Has anyone converted Lowrance (.usr) waypoints to Garmin (.adm)? I want to convert my waypoints to my new Garmin 740S and figured that someone here has already done it.

Thanks


----------



## Danny O (Apr 14, 2010)

My Lowrance has two options for exporting (usr or gpx). Garmin should accept the GPX format, but I'm not 100% sure.


----------



## teamgafftop1 (Aug 30, 2010)

The problem is that the Lowrance died after a few months and they won't support it (end of life they said). So, I upgraded to a Garmin 740S and just want to convert the waypoints to .adm but can't find a utility to do that. It's not a problem reading the .usr data, it's a conversion to .adm problem.
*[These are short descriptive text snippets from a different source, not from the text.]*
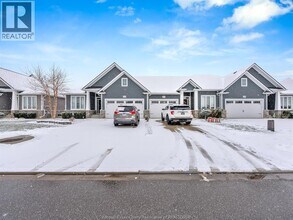 440 Brunmar Cres in Lakeshore, ON - Building Photo - Building Photo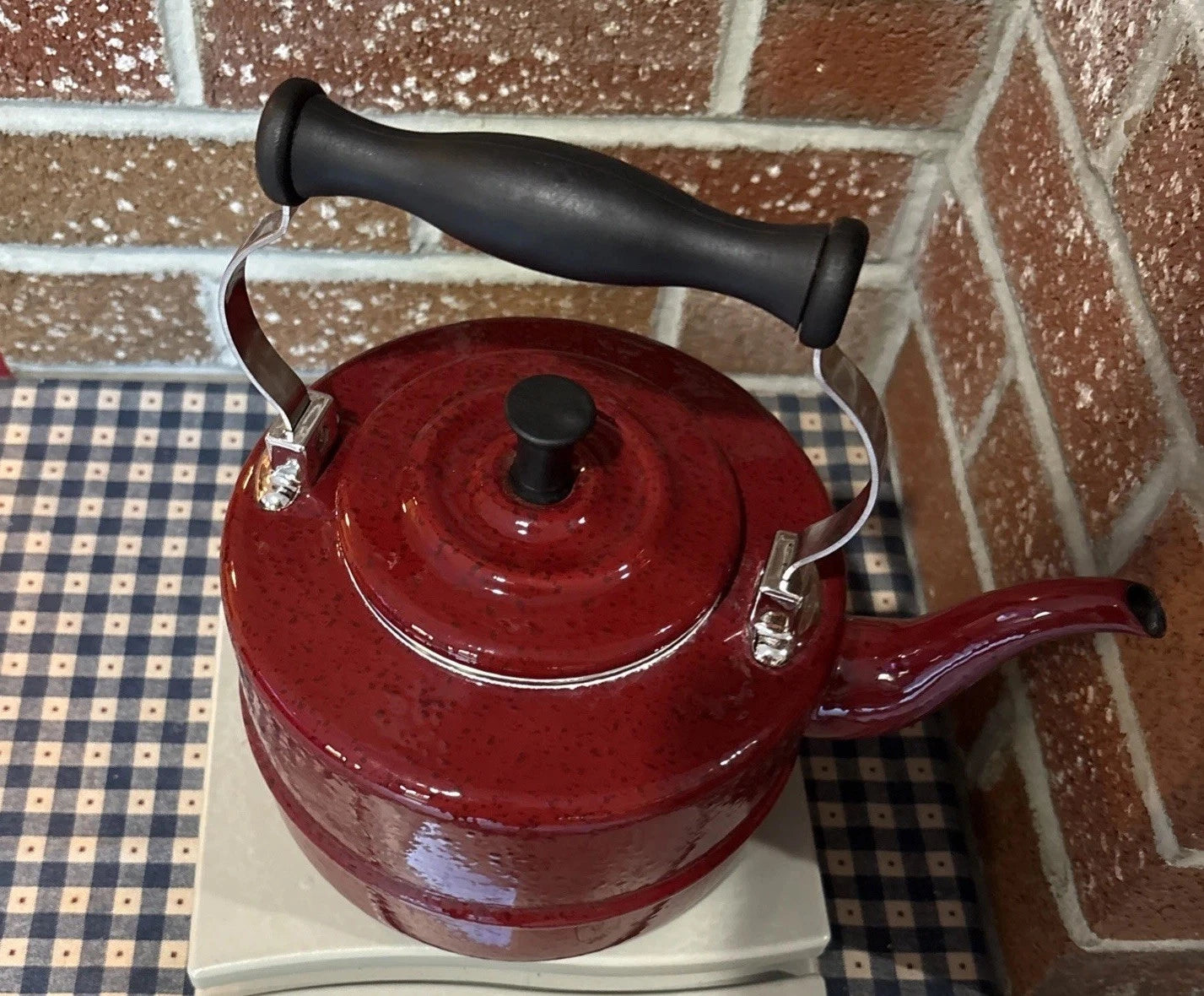 Classic PD Paula Deen Signature Speckled  Burgundy Enamel Tea Pot Kettle!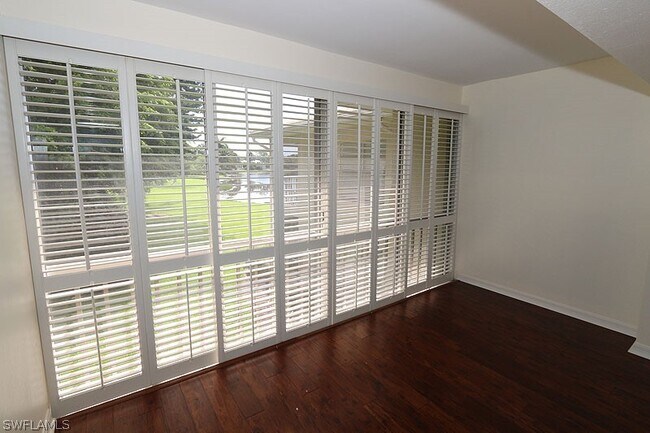 Foto del edificio - 4160 Crayton Rd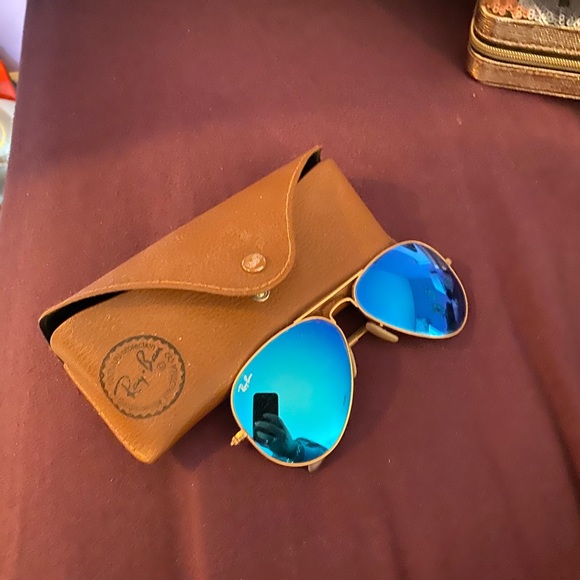 Blue mirror aviators Raybans - Picture 2 of 2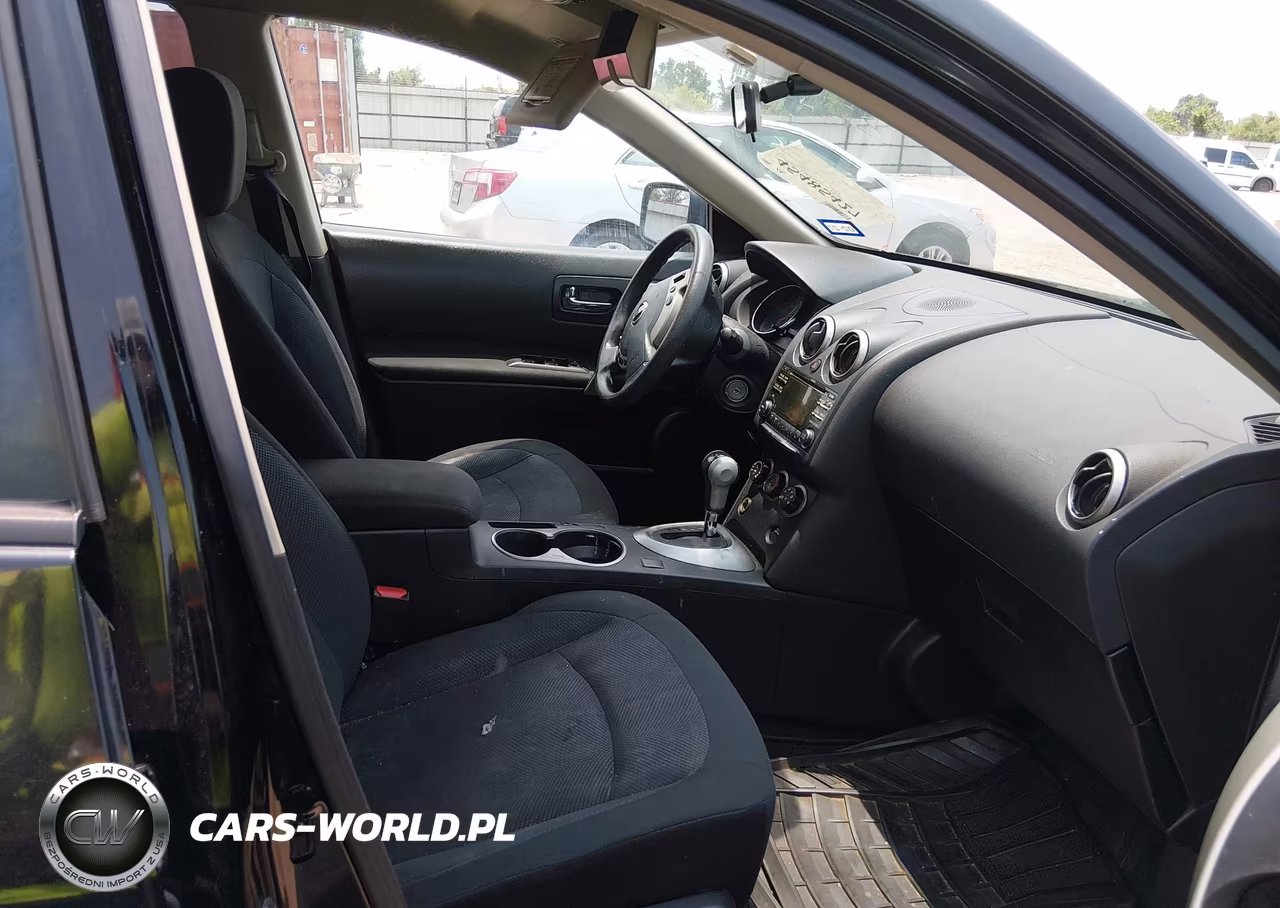 2013 Nissan Rogue S VIN:JN8AS5MT0DW040621 - 5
BTW, I fixed the Lowrance with a .02 fuse but since it was full of water I'm not going to use it any longer.


----------



## ReelWork (May 21, 2004)

This should do what you need .... Free and works pretty well.

http://www.easygps.com/


----------



## teamgafftop1 (Aug 30, 2010)

Tried that one too. It won't even open the Lowrance .usr files. It only recognizes three different file types and none of them include the .usr or .adm files.


----------



## ReelWork (May 21, 2004)

Try to export them to text format (or if you can cut and paste from the opened .usr into text) then import to the format you want..


----------



## muddyduck (May 9, 2006)

*Converter*

I used the below to transfer my stuff.
http://www.gpsvisualizer.com/gpsbabel/


----------



## teamgafftop1 (Aug 30, 2010)

Thanks for all the advice. Turns out to be a multi-step process and I needed two different programs to do it. Anyway, I'll find out tomorrow if it worked.


----------



## george.maness86 (May 29, 2012)

did it work and what did you use to get to the ADM file


----------



## bjmillet (Apr 9, 2012)

muddyduck said:


> I used the below to transfer my stuff.
> http://www.gpsvisualizer.com/gpsbabel/


X2


----------



## speck trout chaser (Jun 22, 2011)

I was wondering if this worked?


----------



## never enuff (Jan 11, 2008)

*Breakwater*

Call Derek at Breakwater marine in Kemah. He has software to transfer back and forth. He has done it for me a couple of times, worked great.


----------